[SciPy-User] Creating meshgrid from meshgrid

classic Classic list List threaded Threaded
5 messages Options
Reply | Threaded
Open this post in threaded view
|

[SciPy-User] Creating meshgrid from meshgrid

Florian Lindner
Hello,

yes, the subject sound a bit weird...

I have two arrays of size N (let's say 2 arrays of length 4) that I combine using np.meshgrid

xxA, yyA = np.meshgrid(xA, yA)
xxB, yyB = np.meshgrid(xB, yB)

which gives me two meshes

xx.shape = yy.shape = (4,4)
which represent a N-dimensional mesh with 16 elements.

Now I want to evaluate a function f on every possible pair of N-dimensional points in the grid, resulting in a 16 x 16
matrix:

in a flattened notation, pA = (xxA, yyA)

f(pA[1]-pB[1]) f(pA[1]-pB[2]) f(pA[1]-pB[3]) ...
f(pA[2]-pB[1]) f(pA[2]-pB[2]) f(pA[2]-pB[3]) ...
f(pA[3]-pB[1]) f(pA[3]-pB[2]) f(pA[3]-pB[3]) ...
.
.
.


Let's say xA = yA = [1,2,3] and xB = yB = [10,20,30]

that gives me a mesh A:

(1,3) (2,3) (3,3)
(1,2) (2,2) (3,2)
(1,1) (2,1) (3,1)

and a mesh B alike.

My result matrix now should be of size 9 x 9:

f( (1,3), (10,30) ) f( (2,3), (20,30) ) f( (3,3), (30, 30) )
f( (1,2), (10,20) ) f( (2,2), (20,20) ) f( (3,2), (30, 20) )
...


f always takes two N-dimensional vectors and returns a scalar.

I hope I was able to explain what I want to achieve.

What is the best way to do that in numpy/scipy?
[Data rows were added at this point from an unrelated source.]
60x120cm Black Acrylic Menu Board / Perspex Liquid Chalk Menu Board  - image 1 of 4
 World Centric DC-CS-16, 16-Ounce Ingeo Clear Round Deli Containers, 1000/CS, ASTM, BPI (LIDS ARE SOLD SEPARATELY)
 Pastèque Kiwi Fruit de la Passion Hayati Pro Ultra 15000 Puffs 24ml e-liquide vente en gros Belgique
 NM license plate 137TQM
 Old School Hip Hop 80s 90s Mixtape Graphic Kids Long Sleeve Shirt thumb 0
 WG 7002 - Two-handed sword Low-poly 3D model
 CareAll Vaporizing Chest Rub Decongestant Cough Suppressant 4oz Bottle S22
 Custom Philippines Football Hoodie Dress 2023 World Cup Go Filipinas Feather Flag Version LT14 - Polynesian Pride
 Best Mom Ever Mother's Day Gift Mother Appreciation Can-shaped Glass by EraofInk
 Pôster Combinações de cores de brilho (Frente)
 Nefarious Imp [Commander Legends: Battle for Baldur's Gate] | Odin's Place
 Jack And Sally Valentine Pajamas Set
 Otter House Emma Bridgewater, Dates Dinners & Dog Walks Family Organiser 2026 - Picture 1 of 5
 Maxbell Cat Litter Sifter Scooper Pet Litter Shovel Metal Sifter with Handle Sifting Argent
As long as the meshes itself are 1-d I did it like that:

mgrid = np.meshgrid([1,2,3], [10,20,30])
A = f( np.abs(mgrid[0] - mgrid[1]) )

Thanks,
Florian
_______________________________________________
SciPy-User mailing list
[hidden email]
https://mail.python.org/mailman/listinfo/scipy-user
Reply | Threaded
Open this post in threaded view
|

Re: Creating meshgrid from meshgrid

Chris Barker - NOAA Federal
I'm confused as to what you are trying to do.

Meshgrid is used to create a regular grid when you have a vectors of the axes.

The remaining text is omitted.